Destination: Web video. And if you believe that video is going to be the most important cog of the Web the stakes are very high (see Techmeme discussion). First a brief recap: Adobe unveiled its offline media player, which could become a threat to Windows Media Player. Microsoft also unveiled its Silverlight video tool, which looks to usurp Adobe's Flash video player.
To wit: Microsoft showed off its video side and announced Silverlight, which was formerly known as WPF/E (I'll take Silverlight thank you). Silverlight is an alleged Flash video killer.
When you look at the explosion of Flash video and how it has transformed the web, it was easy to see that Microsoft had to get in. Flash video happened almost by accident, but it really energized Adobe and gave it even more street credit with consumers and media companies alike.
Stewart goes on to point out that Flash video does have some weaknesses that Microsoft can exploit.

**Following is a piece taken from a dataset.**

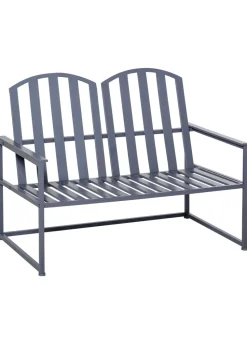 Outsunny 2 Seat Steel Patio Garden Bench Chair Slat Design Backyard Porch Grey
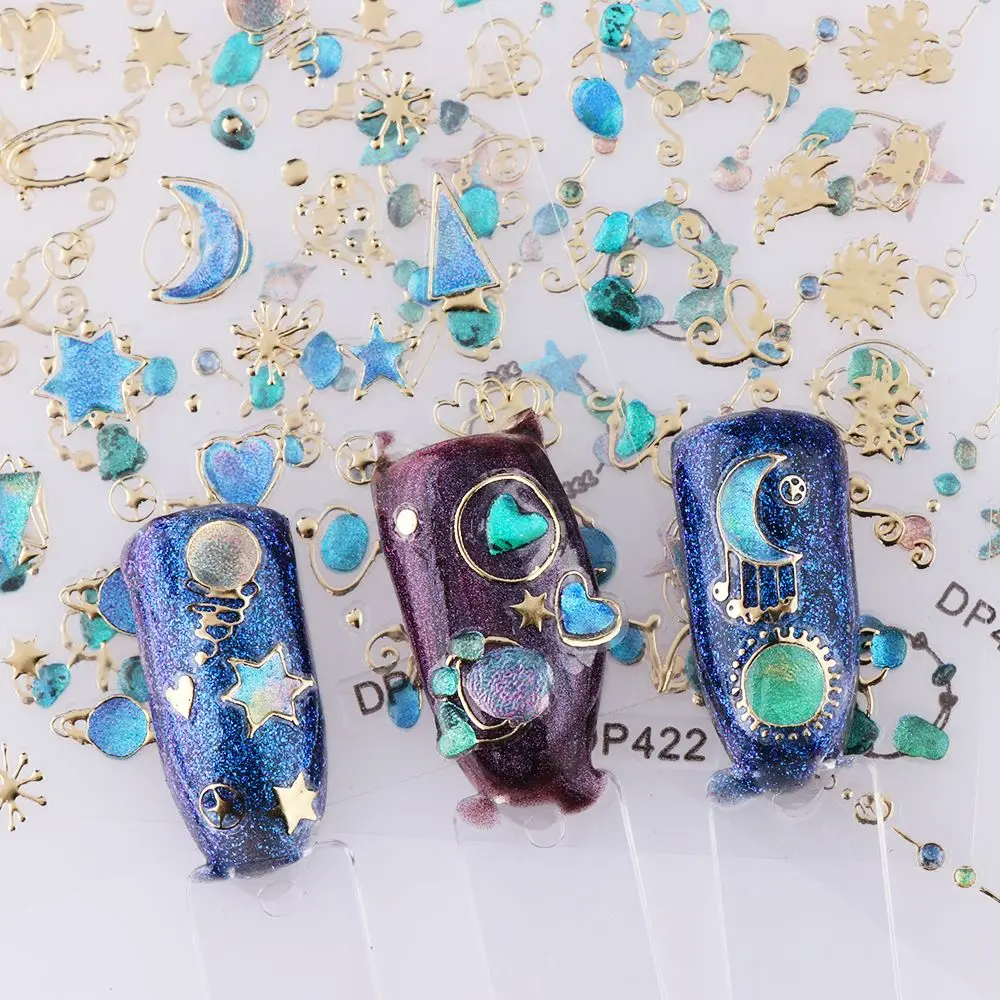 

Fashion Manicure Decor 1pcs Glitter 3D Nail Transfer Slider Sticker Tip Flower Crown Jewelry Star Manicure Metallic Decal Decor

Microsoft's challenge: Good luck uprooting the Flash player, which has an 84 percent penetration as of March.
Adobe also took the wraps off of Philo, its media player. Now the player is known as Adobe Media Player, which will have DRM protections. Ryan Stewart sees it as a competitor to Joost. In reality, Adobe's media player, which will work offline, could become a viable threat to the Windows Media Player.
Adobe's challenge: Good luck uprooting the Windows Media Player, which is quite entrenched.
Call this battle a draw, but it's going to be really interesting as it unfolds.